Improved engagement metrics
Recognizable, trustworthy mail tends to be opened more and reported as spam less, both of which feed back into a healthier sender reputation.
A cleaner authentication posture
The road to BIMI leaves you with aligned SPF, DKIM, and enforced DMARC, which is the single best thing you can do for long-term deliverability.
Current Limitations and Mailbox Support
BIMI is worth adopting, but it is still maturing. Set expectations accordingly before you commit budget.
Uneven Provider Support
Gmail, Apple Mail, Yahoo, AOL, Fastmail, and La Poste display BIMI logos today, with Gmail and Apple requiring a VMC or CMC. Microsoft Outlook has announced support and has been rolling it out gradually. Because behavior varies, treat BIMI as a progressive enhancement rather than a guaranteed, universal feature.

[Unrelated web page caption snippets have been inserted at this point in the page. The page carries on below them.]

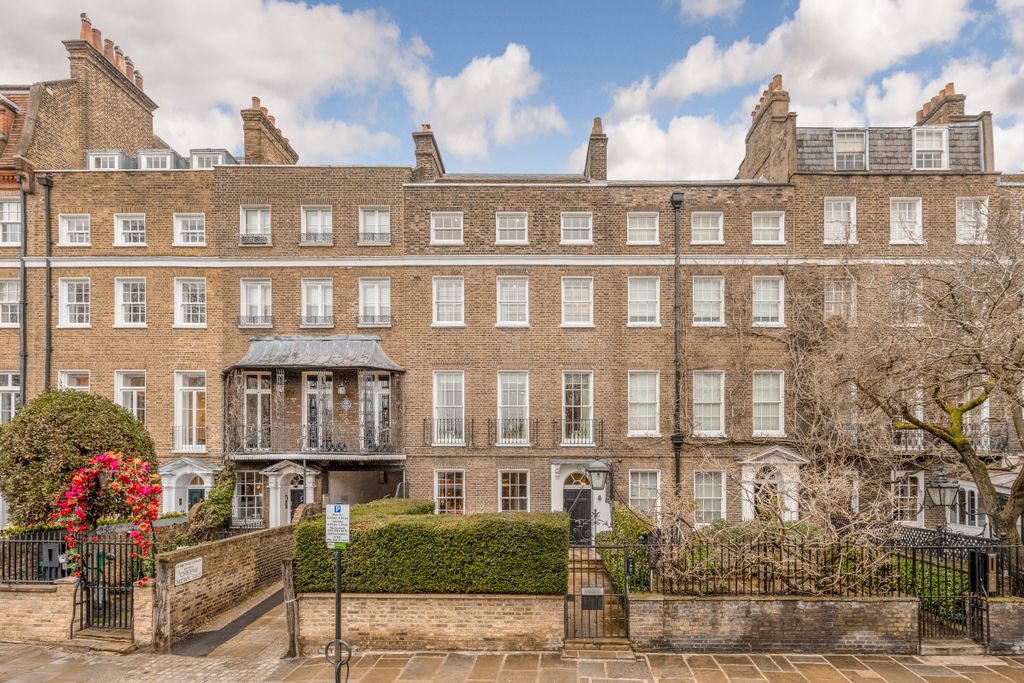 23 cheyne walk, chelsea, sw3 1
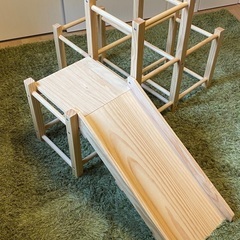 室内用ジャングルジム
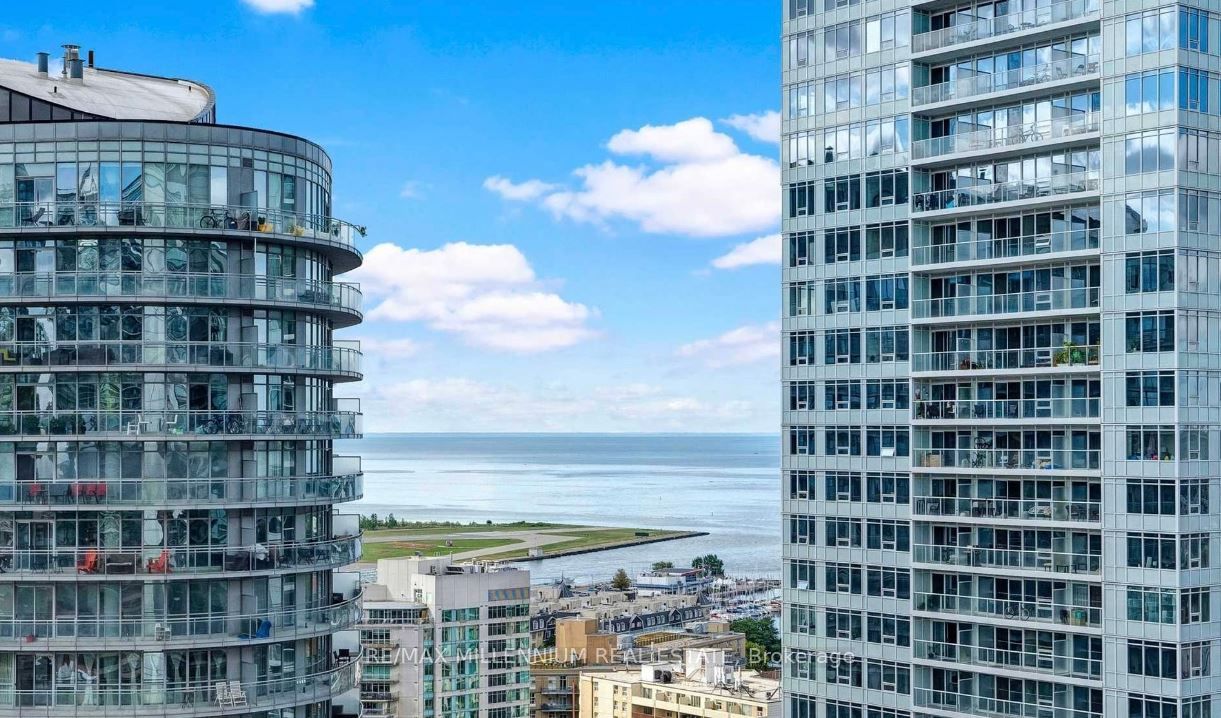 75 Queens Wharf Rd E, #2810
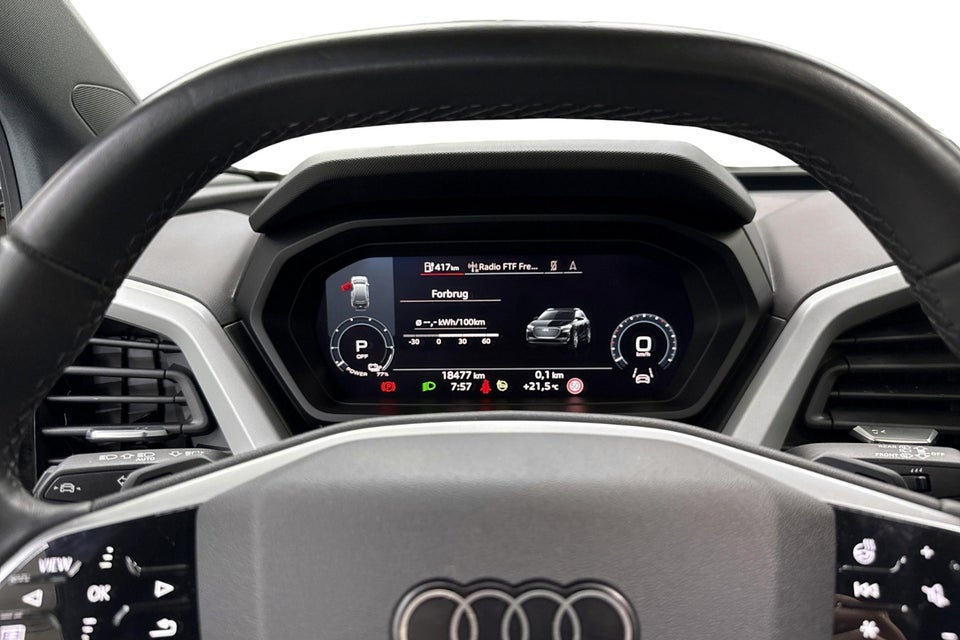 Audi Q4 e-tron 45 Progress 5d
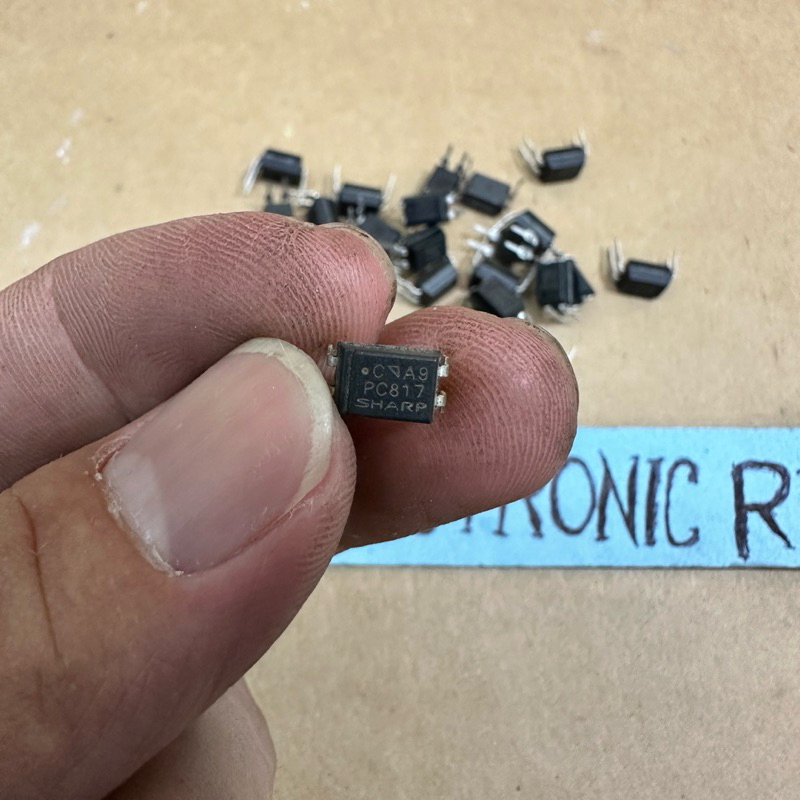 PC 817 OPTOCOUPLER PC817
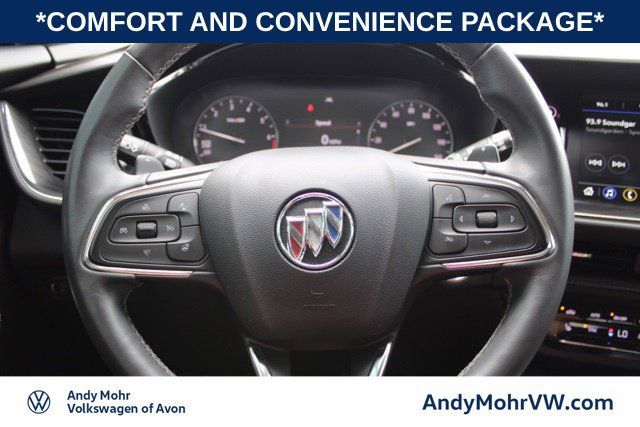 Used 2022 Buick Envision Preferred FWD image 27
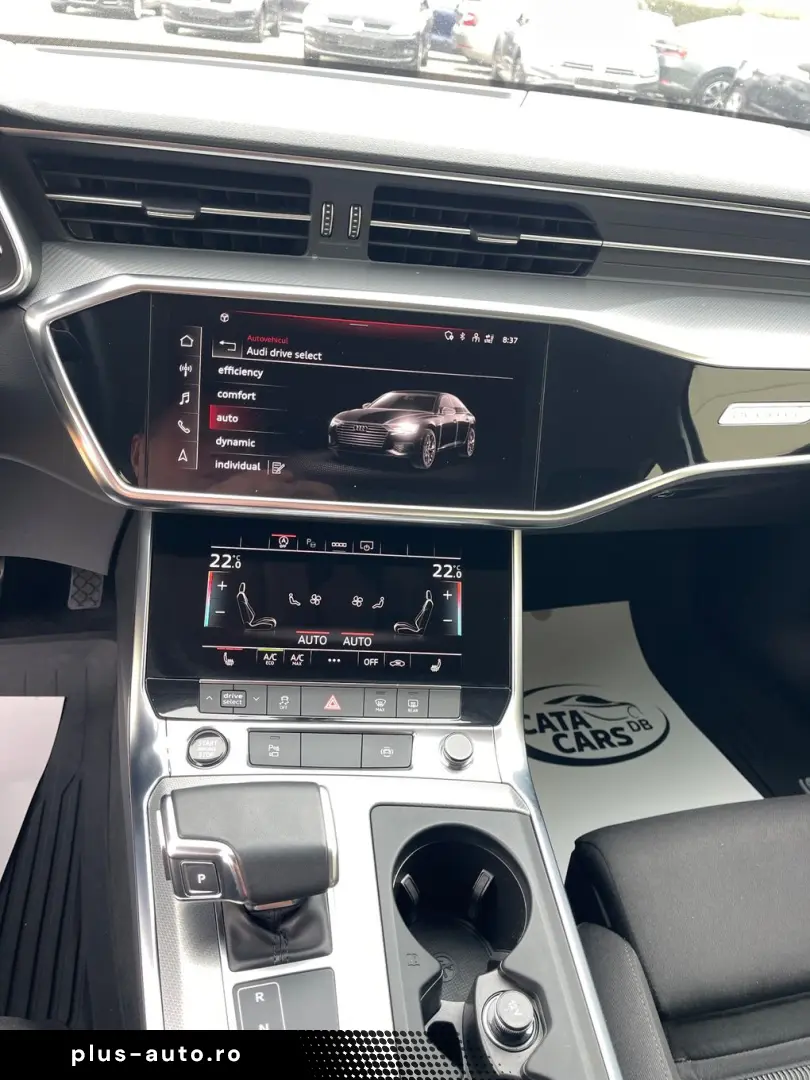 Audi A6  45TDI  231CP  Quattro  LED  Cockpit  B&O  Camera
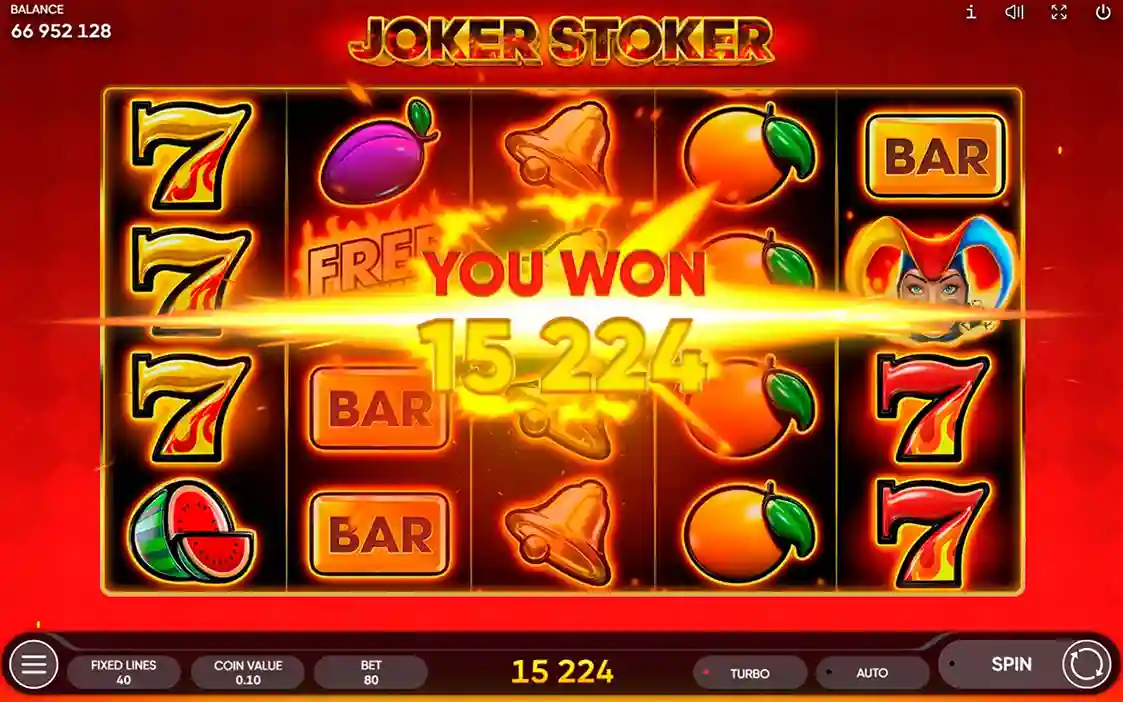Де грати в Joker Stoker онлайн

Certificate Cost and Trademark Barrier
A VMC generally requires a registered trademark and an annual fee that can run from a few hundred to over a thousand US dollars. The CMC lowers the trademark barrier but is newer and less widely supported. For small brands without a trademark, the cost and paperwork can be a real hurdle.
Strict Logo Rules
The SVG Tiny PS profile is unforgiving. Logos with fine detail, transparency, or non-square proportions often need to be redrawn. What renders crisply as a small circular avatar is not always the same as your full brand mark.
No Direct Deliverability Boost
Publishing a BIMI record is not a ranking signal. The gains come from the authentication work and the trust the logo conveys, not from the tag itself. Do not expect BIMI to rescue mail that is landing in spam for other reasons.
Start With the Foundation
If you are not ready to buy a certificate, still get DMARC to enforcement now. You will capture most of the deliverability and anti-spoofing benefit immediately, and adding the BIMI logo later becomes a quick final step.